# OMP_NUM_THREADS and 64bit Maple on Windows

December 10 2011 by
false
Maple

5

Yesterday I wrote a post that began,

"I realized recently that, while 64bit Maple 15 on Windows (XP64, 7) is now using accelerated BLAS from Intel's MKL, the Operating System environment variable OMP_NUM_THREADS is not being set automatically."

But that first sentence is about where it stopped being correct, as far as how I was interpreting the performance on 64bit Maple on Windows. So I've rewritten the whole post, and this is the revision.

I concluded that, by setting the Windows operating system environment variable OMP_NUM_THREADS to 4, performance would double on a quad core i7. I even showed timings to help establish that. And since I know that memory management and dynamic linking can cause extra overhead, I re-ran all my examples in freshly launched GUI sessions, with the user-interface completely closed between examples. But I got caught out in a mistake, nonetheless. The problem was that there is extra real-time cost to having my machine's Windows operating system dynamically open the MKL dll the very first time after bootup.

So my examples done first after bootup were at a disadvantage.
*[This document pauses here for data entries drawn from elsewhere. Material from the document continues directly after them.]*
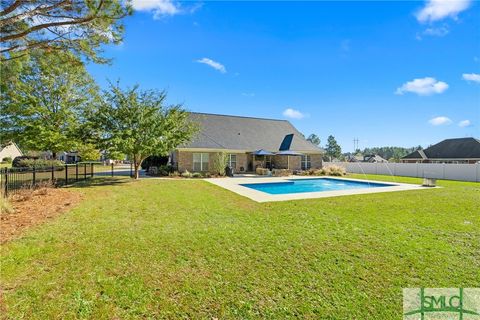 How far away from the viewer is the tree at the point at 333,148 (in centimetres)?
7431

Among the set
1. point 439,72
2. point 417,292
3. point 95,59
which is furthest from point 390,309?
point 439,72

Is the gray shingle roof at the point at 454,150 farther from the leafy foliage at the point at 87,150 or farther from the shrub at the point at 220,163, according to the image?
Result: the leafy foliage at the point at 87,150

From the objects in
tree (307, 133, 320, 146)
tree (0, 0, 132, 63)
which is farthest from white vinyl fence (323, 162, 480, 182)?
tree (307, 133, 320, 146)

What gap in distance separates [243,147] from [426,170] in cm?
1811

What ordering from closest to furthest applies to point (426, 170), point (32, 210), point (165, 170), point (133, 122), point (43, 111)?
point (32, 210), point (133, 122), point (43, 111), point (165, 170), point (426, 170)

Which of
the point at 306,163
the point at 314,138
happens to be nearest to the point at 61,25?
the point at 306,163

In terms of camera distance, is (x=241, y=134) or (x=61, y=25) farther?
(x=241, y=134)

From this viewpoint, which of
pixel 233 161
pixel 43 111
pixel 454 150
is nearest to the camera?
pixel 43 111

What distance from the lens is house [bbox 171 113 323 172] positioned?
22.7 metres

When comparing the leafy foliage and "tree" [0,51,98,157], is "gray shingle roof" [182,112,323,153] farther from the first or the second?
"tree" [0,51,98,157]

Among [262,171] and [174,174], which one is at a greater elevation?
[262,171]

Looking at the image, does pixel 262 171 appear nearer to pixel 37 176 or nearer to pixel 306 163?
pixel 306 163

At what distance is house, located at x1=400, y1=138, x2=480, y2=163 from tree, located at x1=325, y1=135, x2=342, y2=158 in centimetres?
2953

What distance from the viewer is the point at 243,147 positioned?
981 inches
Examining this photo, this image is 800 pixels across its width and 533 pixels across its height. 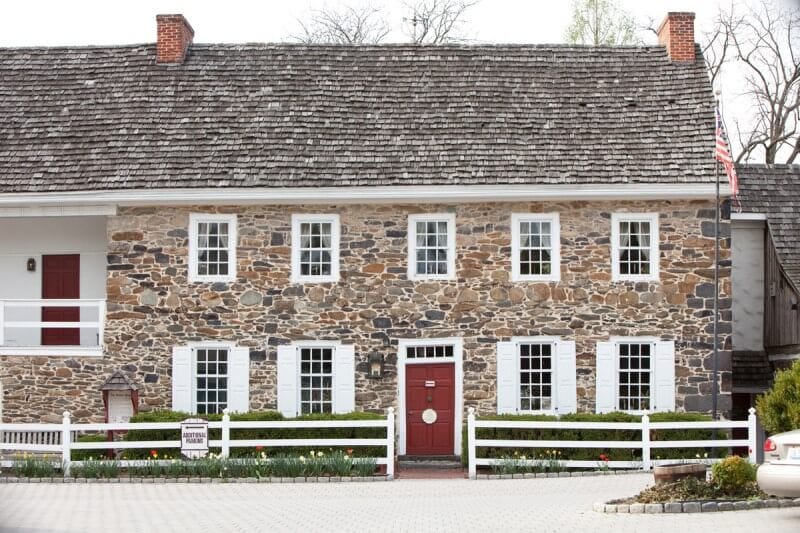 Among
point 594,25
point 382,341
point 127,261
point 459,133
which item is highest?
point 594,25

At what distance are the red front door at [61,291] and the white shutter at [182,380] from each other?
117 inches

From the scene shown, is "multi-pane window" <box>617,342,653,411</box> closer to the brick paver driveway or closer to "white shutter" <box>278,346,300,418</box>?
the brick paver driveway

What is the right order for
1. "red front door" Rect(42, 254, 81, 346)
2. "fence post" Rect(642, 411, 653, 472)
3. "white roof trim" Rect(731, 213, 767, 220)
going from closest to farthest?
"fence post" Rect(642, 411, 653, 472), "red front door" Rect(42, 254, 81, 346), "white roof trim" Rect(731, 213, 767, 220)

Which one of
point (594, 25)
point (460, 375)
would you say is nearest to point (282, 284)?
point (460, 375)

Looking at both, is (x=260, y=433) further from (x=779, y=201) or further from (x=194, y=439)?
(x=779, y=201)

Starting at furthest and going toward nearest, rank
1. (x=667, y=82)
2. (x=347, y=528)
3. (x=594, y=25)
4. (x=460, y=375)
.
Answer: (x=594, y=25) → (x=667, y=82) → (x=460, y=375) → (x=347, y=528)

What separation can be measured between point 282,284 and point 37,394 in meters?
4.87

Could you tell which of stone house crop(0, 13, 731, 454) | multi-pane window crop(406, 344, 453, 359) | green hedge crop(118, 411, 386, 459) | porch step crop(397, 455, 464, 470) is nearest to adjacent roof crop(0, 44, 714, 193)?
stone house crop(0, 13, 731, 454)

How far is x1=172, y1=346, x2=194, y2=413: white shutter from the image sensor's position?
22234 millimetres

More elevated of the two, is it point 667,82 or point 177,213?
point 667,82

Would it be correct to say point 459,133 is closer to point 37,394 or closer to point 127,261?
point 127,261

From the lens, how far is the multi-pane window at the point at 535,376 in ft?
72.7

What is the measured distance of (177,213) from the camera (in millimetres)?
22625

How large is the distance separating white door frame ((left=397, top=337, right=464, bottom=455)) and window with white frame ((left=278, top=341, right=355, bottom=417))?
85cm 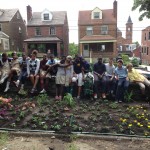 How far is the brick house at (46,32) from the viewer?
113ft

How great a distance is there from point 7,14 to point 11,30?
312cm

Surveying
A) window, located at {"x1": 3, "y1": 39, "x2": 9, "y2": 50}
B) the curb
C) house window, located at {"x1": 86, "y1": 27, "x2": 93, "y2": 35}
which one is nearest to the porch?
window, located at {"x1": 3, "y1": 39, "x2": 9, "y2": 50}

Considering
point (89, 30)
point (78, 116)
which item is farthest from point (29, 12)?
point (78, 116)

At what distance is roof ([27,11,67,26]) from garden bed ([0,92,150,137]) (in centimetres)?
2994

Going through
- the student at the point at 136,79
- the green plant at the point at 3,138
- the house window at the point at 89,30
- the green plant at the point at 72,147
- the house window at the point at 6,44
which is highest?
the house window at the point at 89,30

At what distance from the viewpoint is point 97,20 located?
35.5m

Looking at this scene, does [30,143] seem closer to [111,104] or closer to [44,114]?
[44,114]

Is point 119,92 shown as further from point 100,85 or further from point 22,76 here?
point 22,76

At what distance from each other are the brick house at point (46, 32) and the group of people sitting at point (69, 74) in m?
25.3

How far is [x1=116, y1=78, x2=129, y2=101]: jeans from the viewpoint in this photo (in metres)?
8.27

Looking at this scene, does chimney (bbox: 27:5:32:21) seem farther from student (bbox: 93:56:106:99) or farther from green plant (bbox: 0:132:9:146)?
green plant (bbox: 0:132:9:146)

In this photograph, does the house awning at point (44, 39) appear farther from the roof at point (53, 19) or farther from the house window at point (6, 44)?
the house window at point (6, 44)

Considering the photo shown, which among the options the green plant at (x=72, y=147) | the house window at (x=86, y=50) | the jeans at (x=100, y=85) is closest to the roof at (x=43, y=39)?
the house window at (x=86, y=50)

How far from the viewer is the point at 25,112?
6805mm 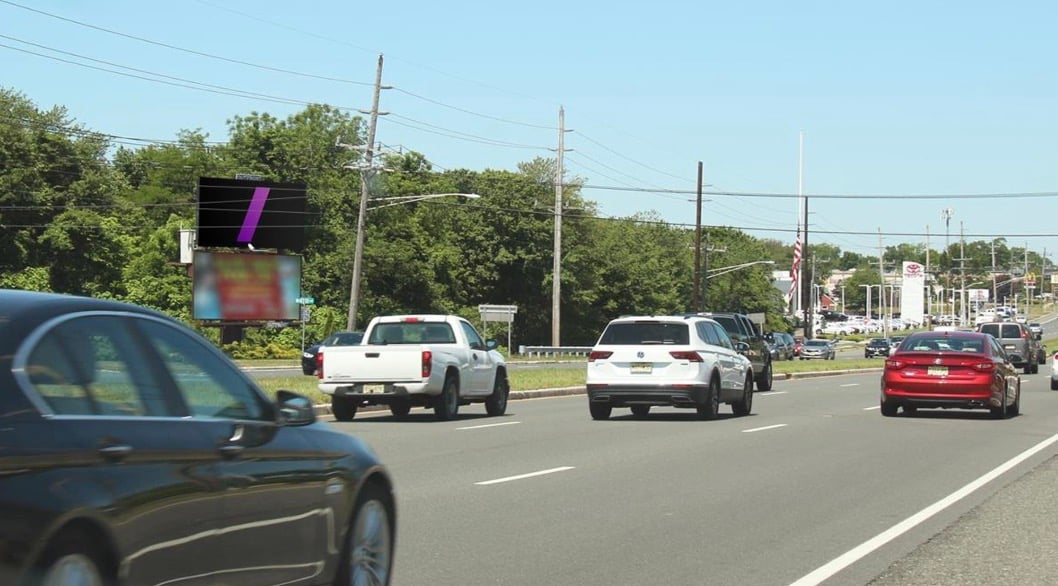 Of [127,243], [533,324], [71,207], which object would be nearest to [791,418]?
[71,207]

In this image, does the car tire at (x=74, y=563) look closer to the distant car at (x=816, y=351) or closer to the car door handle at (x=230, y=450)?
the car door handle at (x=230, y=450)

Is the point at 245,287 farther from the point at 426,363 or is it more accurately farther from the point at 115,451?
the point at 115,451

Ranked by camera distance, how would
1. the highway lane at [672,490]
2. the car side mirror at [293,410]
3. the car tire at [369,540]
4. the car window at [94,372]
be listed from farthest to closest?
the highway lane at [672,490] → the car tire at [369,540] → the car side mirror at [293,410] → the car window at [94,372]

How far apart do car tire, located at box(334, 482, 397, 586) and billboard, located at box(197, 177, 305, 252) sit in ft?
204

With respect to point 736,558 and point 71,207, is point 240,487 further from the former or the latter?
point 71,207

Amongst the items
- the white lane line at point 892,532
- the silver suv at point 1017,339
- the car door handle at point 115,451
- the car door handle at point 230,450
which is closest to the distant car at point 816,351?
the silver suv at point 1017,339

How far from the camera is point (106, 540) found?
16.6ft

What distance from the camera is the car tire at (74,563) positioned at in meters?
4.71

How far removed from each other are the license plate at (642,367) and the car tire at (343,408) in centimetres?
466

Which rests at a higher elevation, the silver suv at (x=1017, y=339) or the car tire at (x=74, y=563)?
the silver suv at (x=1017, y=339)

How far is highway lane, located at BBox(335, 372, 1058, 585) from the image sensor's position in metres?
9.81

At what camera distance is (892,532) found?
11438 mm

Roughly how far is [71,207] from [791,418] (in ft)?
195

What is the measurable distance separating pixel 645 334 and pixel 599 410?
4.94 ft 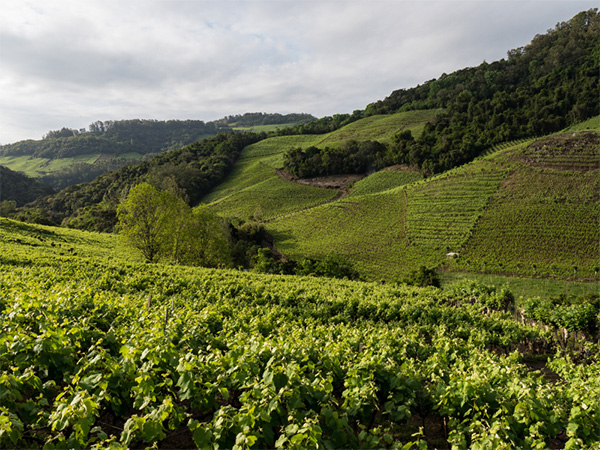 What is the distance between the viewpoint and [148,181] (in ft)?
347

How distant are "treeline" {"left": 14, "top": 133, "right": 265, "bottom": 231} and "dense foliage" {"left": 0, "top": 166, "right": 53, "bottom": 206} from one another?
35.7 ft

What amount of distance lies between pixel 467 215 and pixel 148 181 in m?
91.8

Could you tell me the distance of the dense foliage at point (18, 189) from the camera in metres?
118

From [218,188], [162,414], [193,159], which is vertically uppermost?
[193,159]

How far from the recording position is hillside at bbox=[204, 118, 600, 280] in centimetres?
5200

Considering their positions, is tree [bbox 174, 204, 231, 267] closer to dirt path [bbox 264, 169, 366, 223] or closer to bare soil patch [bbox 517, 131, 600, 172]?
dirt path [bbox 264, 169, 366, 223]

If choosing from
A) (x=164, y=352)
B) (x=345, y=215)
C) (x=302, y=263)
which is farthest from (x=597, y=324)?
(x=345, y=215)

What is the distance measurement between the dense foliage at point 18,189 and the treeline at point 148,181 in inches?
428

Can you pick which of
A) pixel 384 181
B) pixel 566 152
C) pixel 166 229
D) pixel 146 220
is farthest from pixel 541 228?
pixel 146 220

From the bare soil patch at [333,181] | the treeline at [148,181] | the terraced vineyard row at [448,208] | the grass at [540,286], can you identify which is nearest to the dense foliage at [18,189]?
the treeline at [148,181]

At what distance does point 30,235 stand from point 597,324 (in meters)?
53.2

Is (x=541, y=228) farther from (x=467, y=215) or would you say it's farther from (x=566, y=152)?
(x=566, y=152)

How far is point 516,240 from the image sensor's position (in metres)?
54.9

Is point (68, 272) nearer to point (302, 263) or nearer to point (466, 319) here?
point (466, 319) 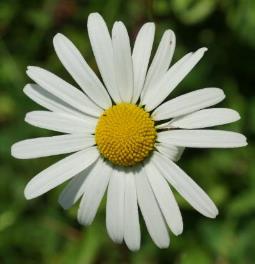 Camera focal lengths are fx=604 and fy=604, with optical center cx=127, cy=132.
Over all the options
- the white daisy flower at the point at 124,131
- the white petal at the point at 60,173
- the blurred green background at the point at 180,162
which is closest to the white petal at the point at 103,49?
the white daisy flower at the point at 124,131

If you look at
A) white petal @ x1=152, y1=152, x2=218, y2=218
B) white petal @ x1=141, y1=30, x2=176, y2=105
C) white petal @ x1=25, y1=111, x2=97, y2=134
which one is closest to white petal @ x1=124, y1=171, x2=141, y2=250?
white petal @ x1=152, y1=152, x2=218, y2=218

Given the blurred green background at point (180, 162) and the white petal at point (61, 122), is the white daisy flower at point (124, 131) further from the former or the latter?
the blurred green background at point (180, 162)

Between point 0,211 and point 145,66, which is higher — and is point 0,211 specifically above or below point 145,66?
below

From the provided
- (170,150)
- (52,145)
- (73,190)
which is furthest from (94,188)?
(170,150)

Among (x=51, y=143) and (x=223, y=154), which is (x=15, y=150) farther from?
(x=223, y=154)

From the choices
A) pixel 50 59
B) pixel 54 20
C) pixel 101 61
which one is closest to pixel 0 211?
pixel 50 59

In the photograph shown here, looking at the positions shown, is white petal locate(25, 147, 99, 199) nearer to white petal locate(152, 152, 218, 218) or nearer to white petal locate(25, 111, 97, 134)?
white petal locate(25, 111, 97, 134) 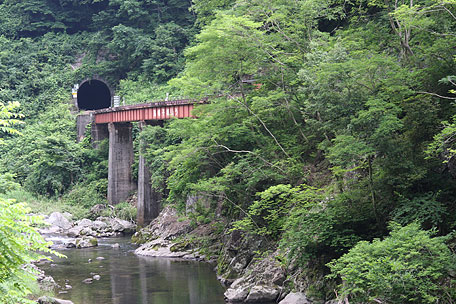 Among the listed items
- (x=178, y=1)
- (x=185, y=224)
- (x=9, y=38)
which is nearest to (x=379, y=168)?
(x=185, y=224)

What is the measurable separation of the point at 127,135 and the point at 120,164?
9.32 feet

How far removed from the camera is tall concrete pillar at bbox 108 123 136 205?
50281mm

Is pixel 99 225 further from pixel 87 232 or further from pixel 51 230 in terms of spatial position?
pixel 51 230

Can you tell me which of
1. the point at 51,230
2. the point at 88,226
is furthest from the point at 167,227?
the point at 51,230

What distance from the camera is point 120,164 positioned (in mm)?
50562

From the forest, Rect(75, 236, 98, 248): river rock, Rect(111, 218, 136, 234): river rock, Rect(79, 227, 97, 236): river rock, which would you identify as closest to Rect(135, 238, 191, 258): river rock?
the forest

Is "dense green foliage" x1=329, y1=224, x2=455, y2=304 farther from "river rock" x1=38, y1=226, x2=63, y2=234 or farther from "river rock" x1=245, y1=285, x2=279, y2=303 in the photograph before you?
"river rock" x1=38, y1=226, x2=63, y2=234

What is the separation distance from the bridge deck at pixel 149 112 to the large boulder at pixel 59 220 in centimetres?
964

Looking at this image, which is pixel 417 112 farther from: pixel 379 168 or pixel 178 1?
pixel 178 1

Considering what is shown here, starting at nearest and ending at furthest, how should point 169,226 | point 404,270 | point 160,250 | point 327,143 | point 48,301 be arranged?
point 404,270, point 48,301, point 327,143, point 160,250, point 169,226

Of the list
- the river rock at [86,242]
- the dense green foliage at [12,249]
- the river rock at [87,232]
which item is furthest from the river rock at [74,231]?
the dense green foliage at [12,249]

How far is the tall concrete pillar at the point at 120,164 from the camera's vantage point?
50281 millimetres

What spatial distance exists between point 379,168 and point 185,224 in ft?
63.2

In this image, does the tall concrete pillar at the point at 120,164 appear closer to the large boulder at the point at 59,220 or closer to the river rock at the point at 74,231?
the large boulder at the point at 59,220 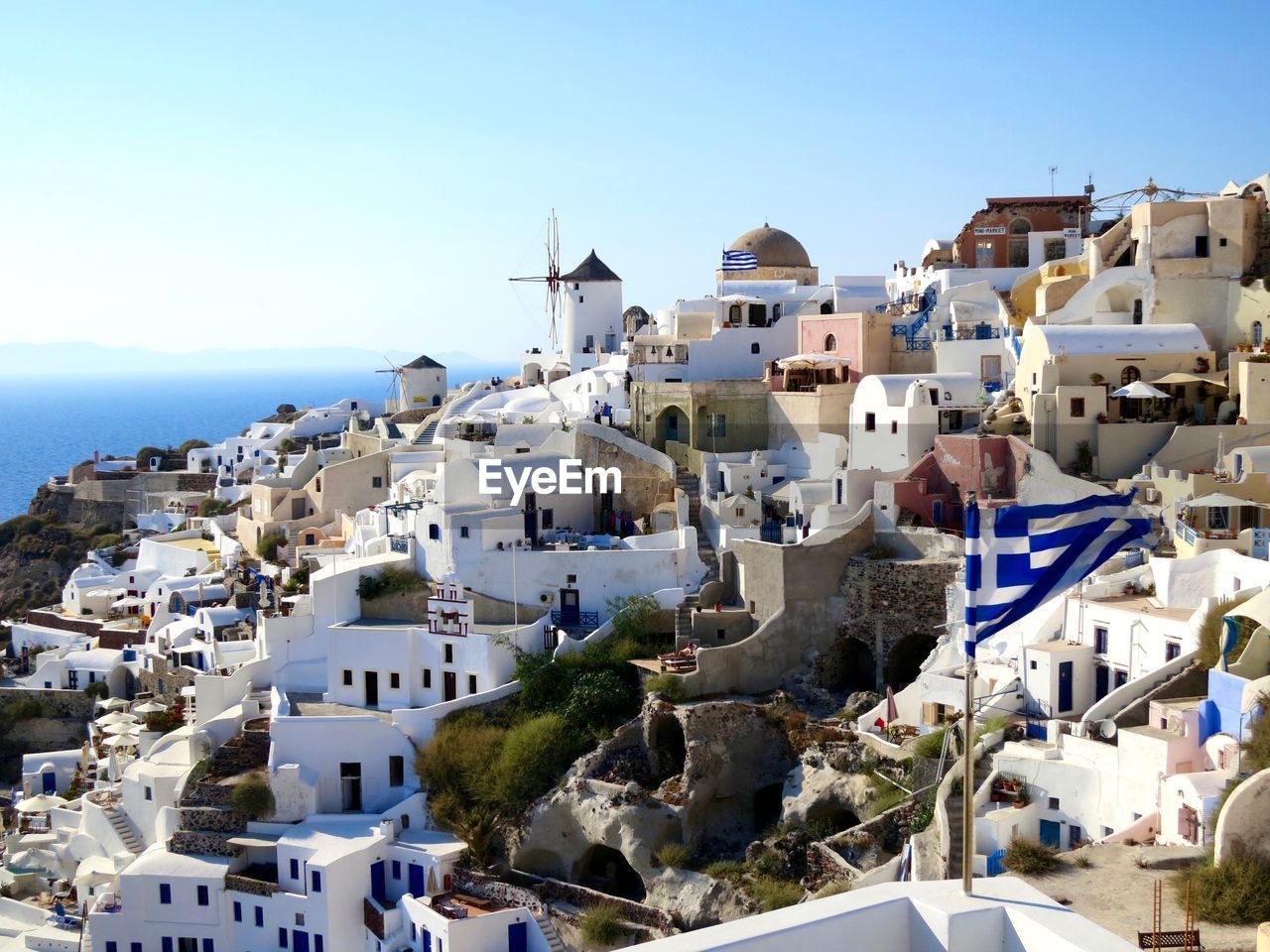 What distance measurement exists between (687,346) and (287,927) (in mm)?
19078

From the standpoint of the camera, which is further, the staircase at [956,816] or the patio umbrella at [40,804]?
the patio umbrella at [40,804]

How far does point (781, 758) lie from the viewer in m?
25.3

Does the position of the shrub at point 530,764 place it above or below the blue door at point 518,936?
above

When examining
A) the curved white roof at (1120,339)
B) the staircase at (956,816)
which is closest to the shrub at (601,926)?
the staircase at (956,816)

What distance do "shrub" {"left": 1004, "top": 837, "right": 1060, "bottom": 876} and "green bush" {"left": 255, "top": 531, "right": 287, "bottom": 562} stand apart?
94.8 ft

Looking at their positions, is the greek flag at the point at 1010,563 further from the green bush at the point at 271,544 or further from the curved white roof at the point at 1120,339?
the green bush at the point at 271,544

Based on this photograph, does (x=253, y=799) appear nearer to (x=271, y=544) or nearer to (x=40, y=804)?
(x=40, y=804)

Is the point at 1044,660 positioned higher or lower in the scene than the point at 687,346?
lower

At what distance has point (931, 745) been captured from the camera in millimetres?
21938

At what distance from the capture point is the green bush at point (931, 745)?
71.8 ft

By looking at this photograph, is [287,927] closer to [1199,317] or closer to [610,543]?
[610,543]

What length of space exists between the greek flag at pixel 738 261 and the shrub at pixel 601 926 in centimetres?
2578

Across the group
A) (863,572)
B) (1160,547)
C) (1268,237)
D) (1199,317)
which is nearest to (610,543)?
(863,572)

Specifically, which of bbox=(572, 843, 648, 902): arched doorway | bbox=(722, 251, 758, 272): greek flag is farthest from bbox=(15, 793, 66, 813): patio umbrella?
bbox=(722, 251, 758, 272): greek flag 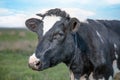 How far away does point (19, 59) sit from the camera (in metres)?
5.27

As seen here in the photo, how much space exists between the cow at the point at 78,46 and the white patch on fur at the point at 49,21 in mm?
20

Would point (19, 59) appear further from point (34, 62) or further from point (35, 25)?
point (34, 62)

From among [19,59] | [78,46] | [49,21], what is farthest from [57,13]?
[19,59]

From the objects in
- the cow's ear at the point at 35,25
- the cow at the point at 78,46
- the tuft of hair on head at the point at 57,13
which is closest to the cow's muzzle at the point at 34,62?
the cow at the point at 78,46

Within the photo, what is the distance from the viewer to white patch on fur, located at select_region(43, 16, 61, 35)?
344 centimetres

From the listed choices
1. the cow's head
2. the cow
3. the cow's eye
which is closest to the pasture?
the cow

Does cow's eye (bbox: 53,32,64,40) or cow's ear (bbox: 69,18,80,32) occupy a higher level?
cow's ear (bbox: 69,18,80,32)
I knew that I could not look just at measured cpu time, since for such threaded applications that reports as some kind of sum of cycles for all threads. But I failed to notice the real-time measurements were being distorted by the cost of loading the dlls the first time. And that penalty is not necessarily paid for each freshly launched, completely new Maple session. So my measurements were not fair.

Here is some illustration of the extra real-time cost, which I was not taking into account. I'll do Matrix-Matrix multiplication for a 1x1 example, to try and show just how much this extra cost is unrelated to the actual computation. In these examples below, I've done a full reboot on Windows 7 where so annotated. The extra time cost for the very first load of the dynamic MKL libraries can be from 1 to over 3 seconds. That's about the same as the cpu time this i7 takes to do the full 3000x3000 Matrix multiplication! Hence the confusion.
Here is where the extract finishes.